Construction. There are exactly \(4m+4\) subtrees attached to the perfect binary tree on the top of the construction. The fixed combinatorial embedding prescribes a left-to-right order of such subtrees. For each variable \(x_i\), do the following. Set the \(4(i-1)+1\)-th subtree to be a path \(p\) of length \(5n+4m\); attach another path of length \(5n+4m-5(i-1)-4\) to the right of the \(5(i-1)+4\)-th vertex of \(p\). Attach a right child to the second to last vertex of \(p\). Set the \(4(i-1)+2\)-th subtree to be a path of length \(5(i-1)+1\). Set the \(4(i-1)+3\)-th subtree to be a path of length \(5(i-1)\). At the end of the path, attach two paths \(p_t\) and \(p_f\) of length \(5(n-i+1)+4m-2\) each as left and right subtrees respectively. Attach a right (resp., left) child to the first vertex of \(p_t\) (resp., \(p_f\)). We now describe the position of the vertices that encode the incidence of a variable in a clause. We call such vertices literal leaves. If \(x_i\) (resp., \(\overline{x_i}\)) is the first or second literal of \(c_j\), then add a right child \(\ell _{i,j}\) to the \(5(n-i+1)+4(m-1)\)-th vertex of \(p_t\) (resp., \(p_f\)). If \(x_i\) (resp., \(\overline{x_i}\)) is the third literal of \(c_j\), then add a left child \(\ell _{i,j}\) to the \(5(n-i+1)+4(m-1)\)-th vertex of \(p_t\) (resp., \(p_f\)). The \(4(i-1)+3\)-th subtree is shown in red in Fig. 2. Set the \(4(i-1)+4\)-th subtree to be a path of length \(5(i-1)\). Finally, we describe the four last subtrees (shown in blue in Fig. 2). Set the \(4m+1\)-th, \(4m+2\)-th, and \(4m+3\)-th subtrees to be paths of length \(5n+4m\) each. For every clause \(c_j\), attach a right leaf child to the \(5n+4j\)-th vertex of the \(4m+3\)-th subtree. Set the last subtree to be a path of length \(5n\). For each variable \(x_i\), attach a right leaf child to the \(5i-4\)-th vertex of the path. This finalizes the construction.

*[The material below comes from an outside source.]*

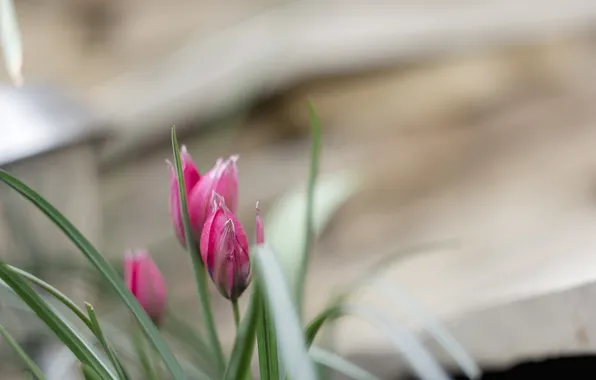 Flowers, green, petals, pink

Correctness. We argue that the construction is correct, by showing that every satisfiable 3SAT instance can indeed be embedded in a \(w \times h\) grid, and that every drawing that fits in a \(w \times h\) grid must correspond to a satisfiable 3SAT instance. The details can be found in the full version [1].    \(\square \)

4 Conclusions

We studied tree drawings in small areas.

For arbitrary drawings, we gave a construction for embedding a perfect binary tree on a square grid. The main remaining open question here is whether every low-degree tree with \(wh\) vertices (or fewer) can be embedded on an \(w \times h\) grid. We conjecture that this is the case when \(w=h\). Another intriguing question is whether, for general trees, testing if they can be embedded on a given grid is computationally tractable.

For upward drawings, we showed that even for bounded-degree trees, testing whether a given tree can be embedded in a \(w \times h\) rectangle is already NP-hard, if the combinatorial embedding of the tree is fixed. It would be interesting to know whether the same is true when one can freely choose the combinatorial embedding. Another question is whether the problem is also NP-hard for weakly upward drawings, where adjacent vertices may be embedded using the same \(y\)-coordinate.